Unfertilised soil used to grow lotus

Farmers across Vietnam have found lotus a profitable alternative crop for rice, especially when their land is unfertilised.
Unfertilised soil used to grow lotus ảnh 1A lotus pond in Xuan Vinh Commune, Xuan Truong District, Nam Dinh Province. Local farmers for the last few years have shifted from rice to lotus to make use of unfertilised land. (Photo: danviet.vn)

Nam Dinh (VNS/VNA) - Farmers across Vietnam have found lotus a profitable alternative crop for rice, especially when their land is unfertilised.

Fifty-year-old farmer Nguyen Van Don in Xuan Vinh commune, Xuan Truong district, the northern province of Nam Dinh, started growing lotus three years ago on more than 2ha area of sunken land that he rented from other local farmers.

The land had not been used for years as it was unfertilised and failed to grow rice, Don said, adding that he rented the land and restored it for lotus cultivation.

With proper farming technique and fertilising, Don’s lotus plants have grown well on the land.

Don said his family harvested about four tonnes of lotus seeds and thousands of lotus flowers each year.

He sold each kilo of seeds for 25,000 -35,000 VND (1.07 -1.5 USD) and each flower for 3,000 VND.

“Compared with rice production, growing lotus is much more stable and economically profitable,” he said

Don calculated that he could harvest about 170kg of lotus seed per sao (1 sao equals 360sq.m) per year, which helped him earn more than 5million VND (214 USD) while he earned only 500,000 VND when growing rice.

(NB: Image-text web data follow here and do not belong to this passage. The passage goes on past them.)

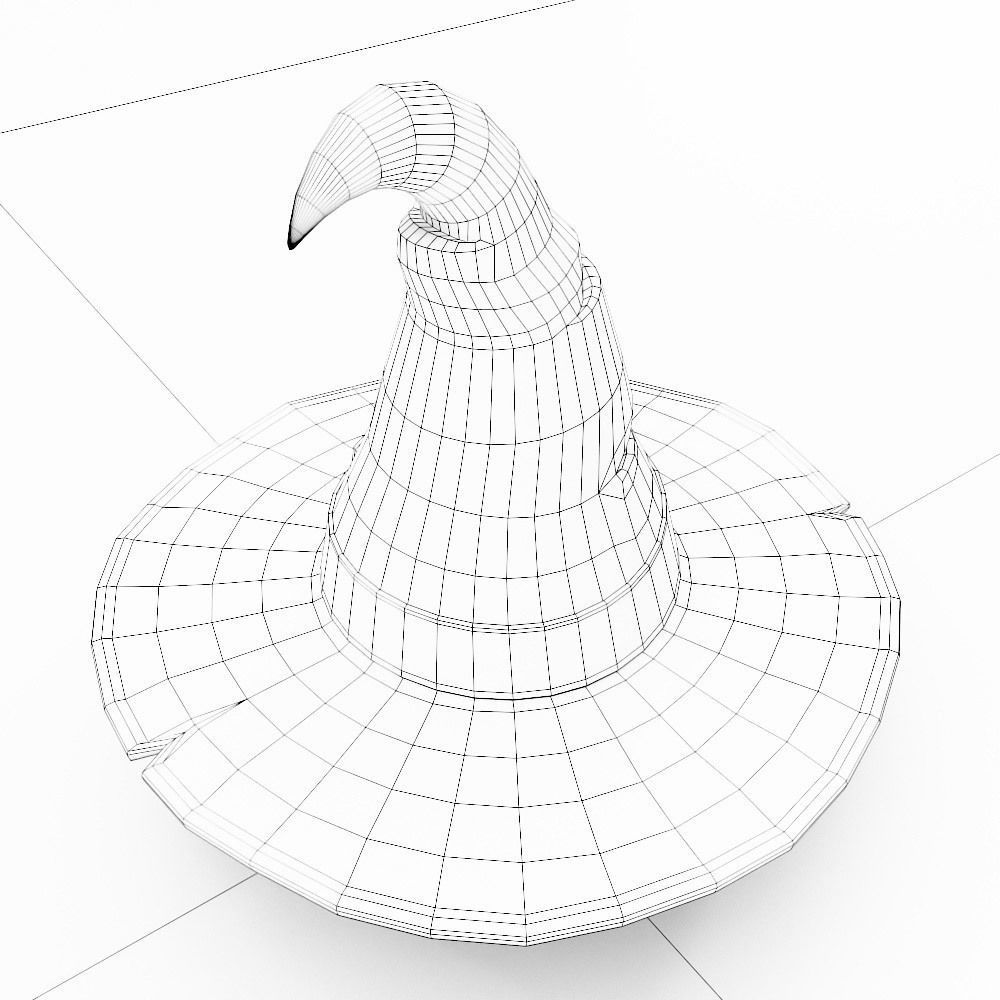 Witch hat 3d model Low-poly 3D model_7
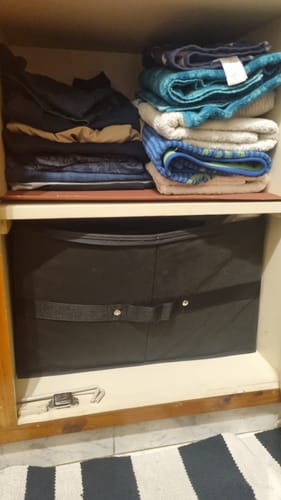 Customer photo review of Qoolish 16-Pair Black Shoe Organizer - Clear, Foldable, Space-Saving with Reinforced Base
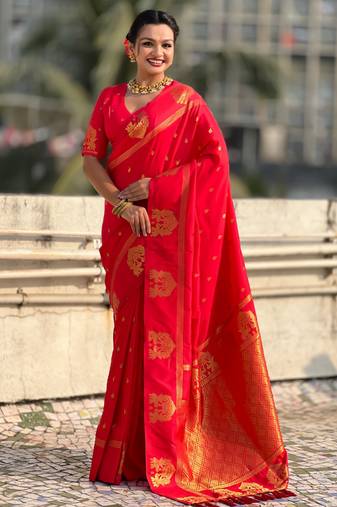 Red silk blend saree with golden zari motifs & rire woven pallu | traditional festive wear saree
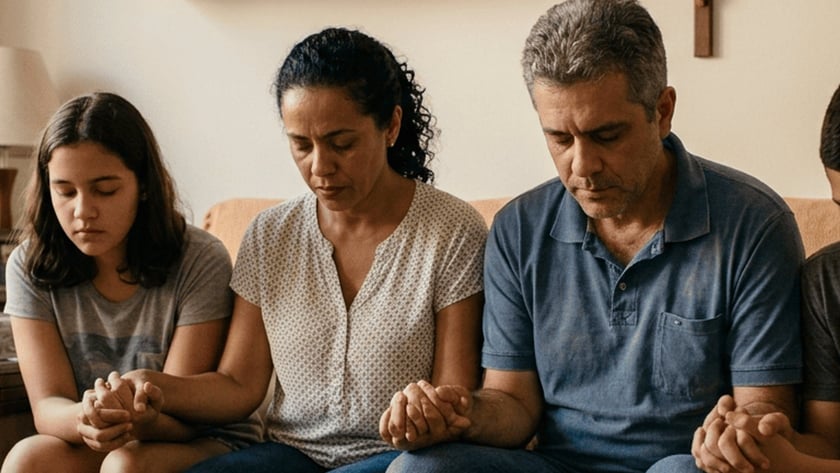 Família de quatro pessoas sentada no sofá, de mãos dadas e olhos fechados, rezando.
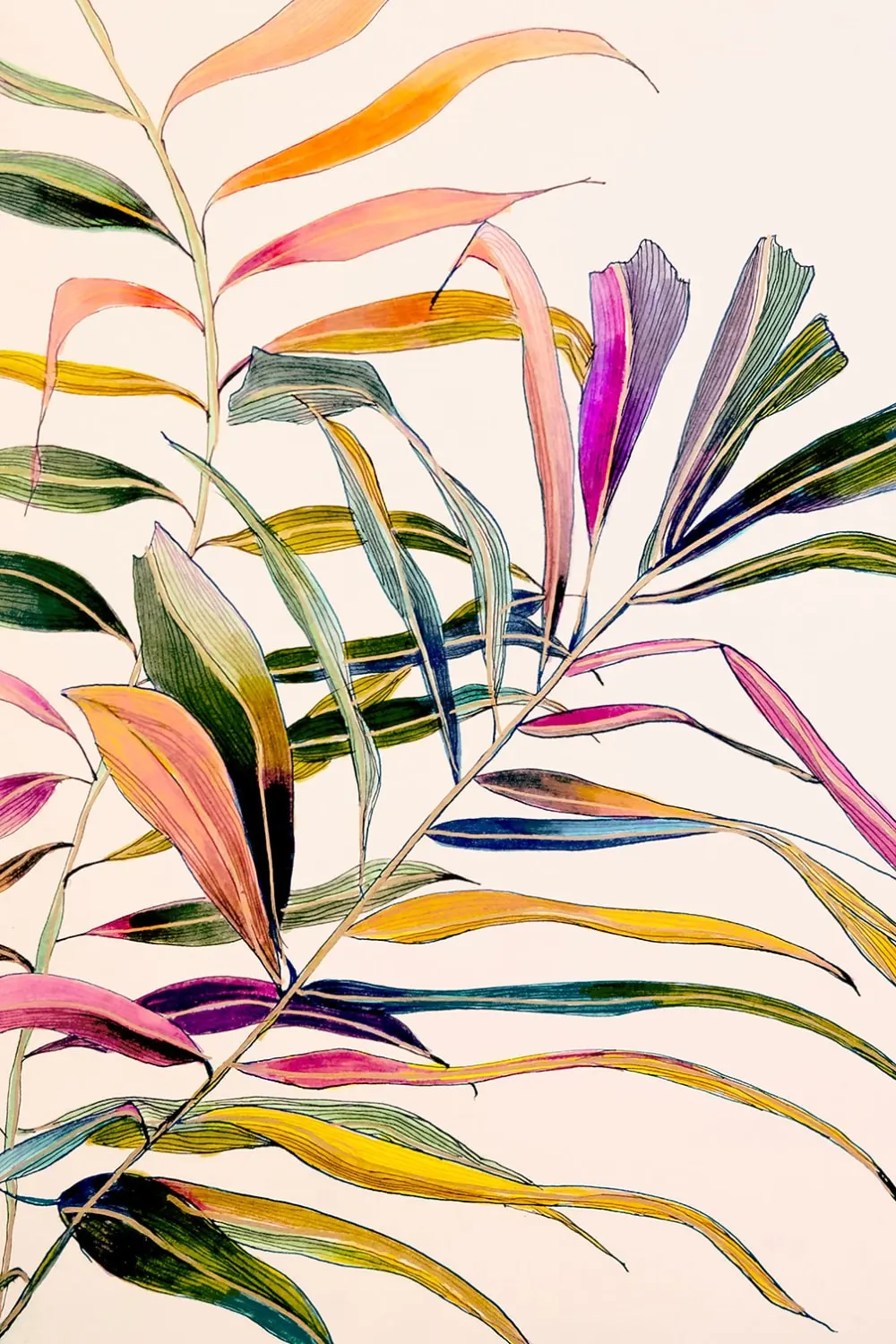 Tableau peinture fleurs palm color  imprimé sur toile 60x90 cm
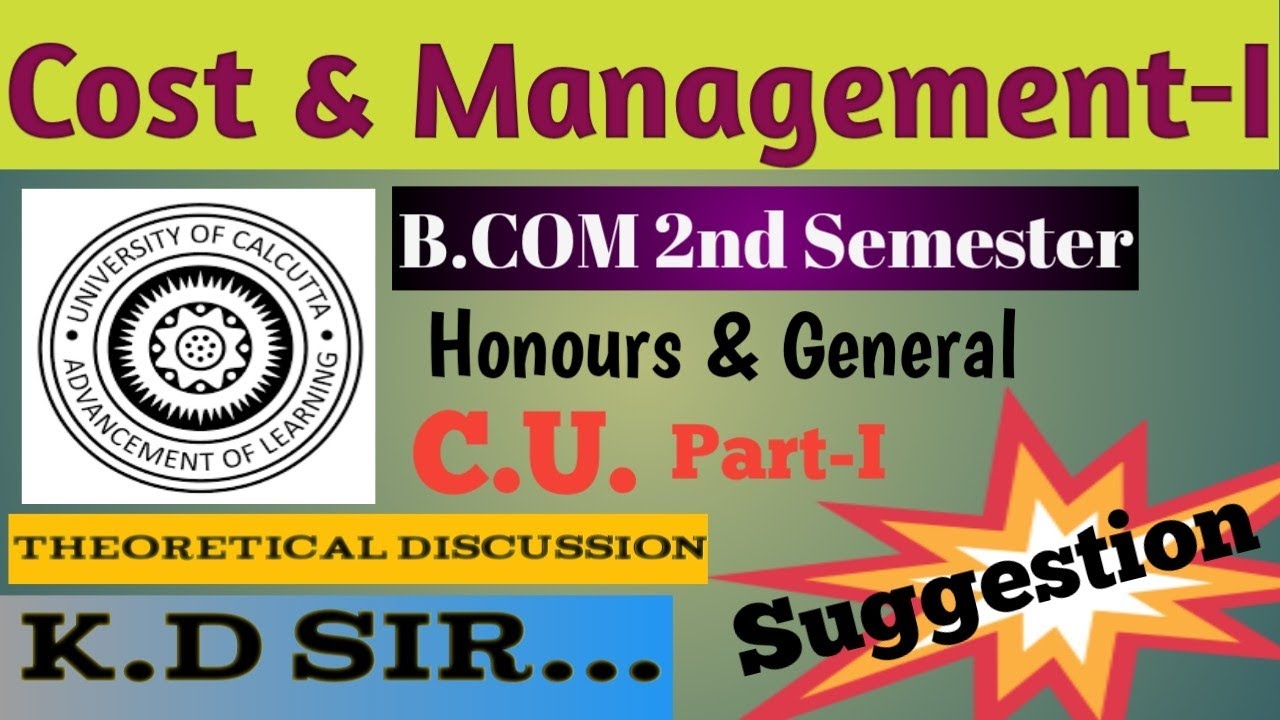 Suggestion of Cost & Management Accounting I 2022 2nd Sem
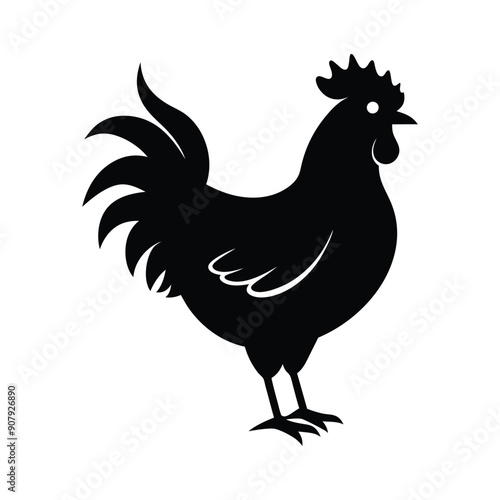 Download A chicken silhouette illustration Vector File.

“When growing rice, we have to buy fertiliser, pesticides and hire labourers to plant and harvest while we hardly spend any money on fertiliser or pesticide,” Don said, adding that he could have some extra income thanks to shrimp and fish caught from the lotus pond.

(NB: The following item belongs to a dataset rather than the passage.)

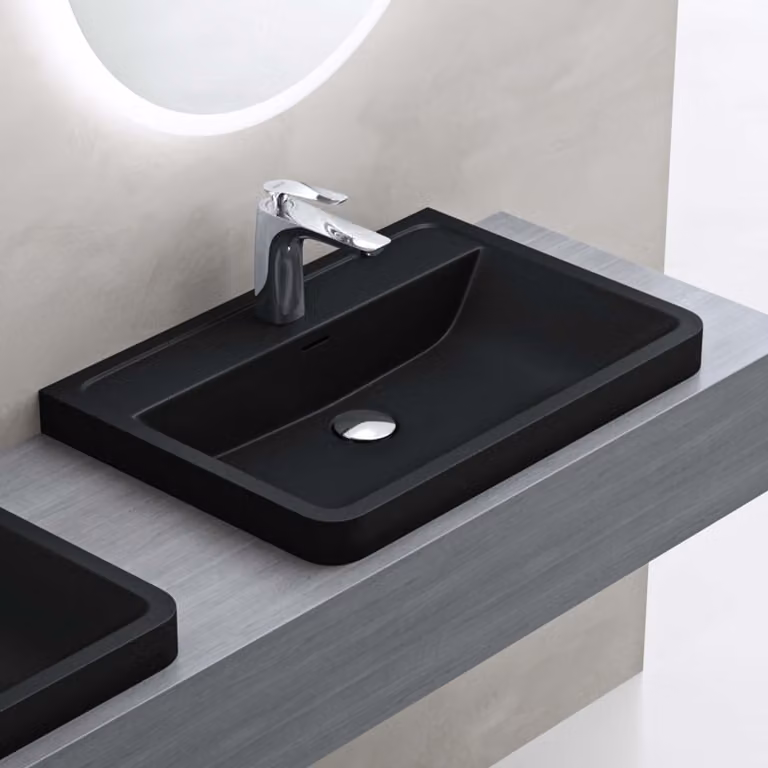 doporro Lavabo da Appoggio, Lavandino Bagno 90x48x14,5cm, Lavabo da Minerale Fuso Colossum08, Nero opaco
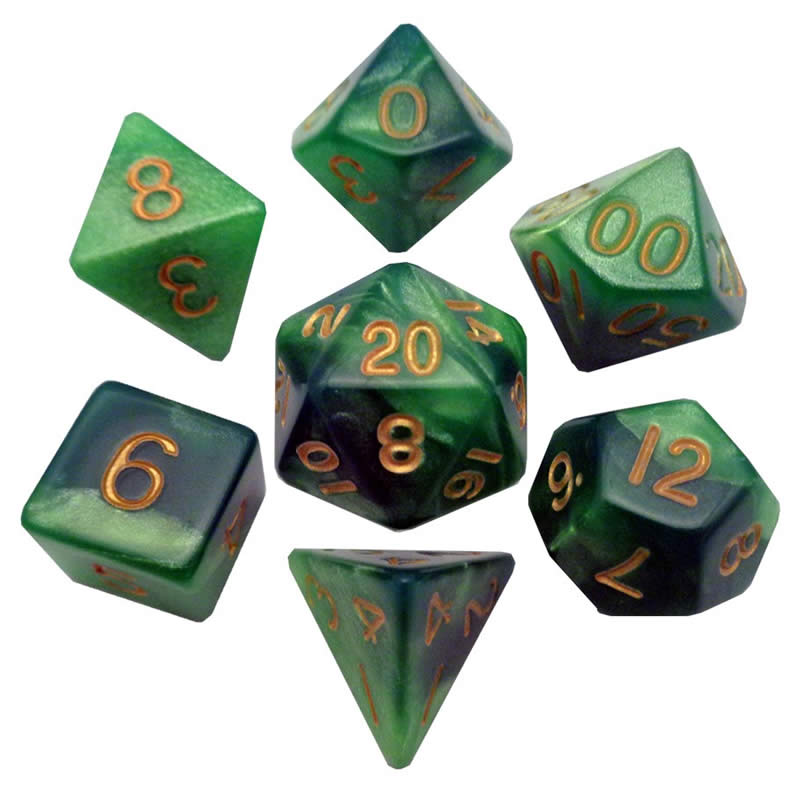 MET155 Green Light Green Resin Dice Gold Numbers 16mm 7-Dice Set Main Image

“Without fertiliser, a lotus pond is a good place for shrimp and fish to live,” he said.

The beauty of lotus flowers and their scent during summer days also attracts many visitors to Don’s lotus pond.

Vu Manh Cam, head of the Xuan Vinh commune Farmers’ Association, said local farmers shifted from rice to lotus three years ago and the area of lotus farms has steadily increased.

Now, more than 10ha of land is used for lotus cultivation.

“Lotus plants help many households in the commune escape poverty and generate jobs in the rural area,” Cam said.

In Thach Ha town, Thach Ha district in the central province of Ha Tinh, farmers also earn about 70 million VND (3,000 USD) per hectare of lotus, double the income they gained from rice.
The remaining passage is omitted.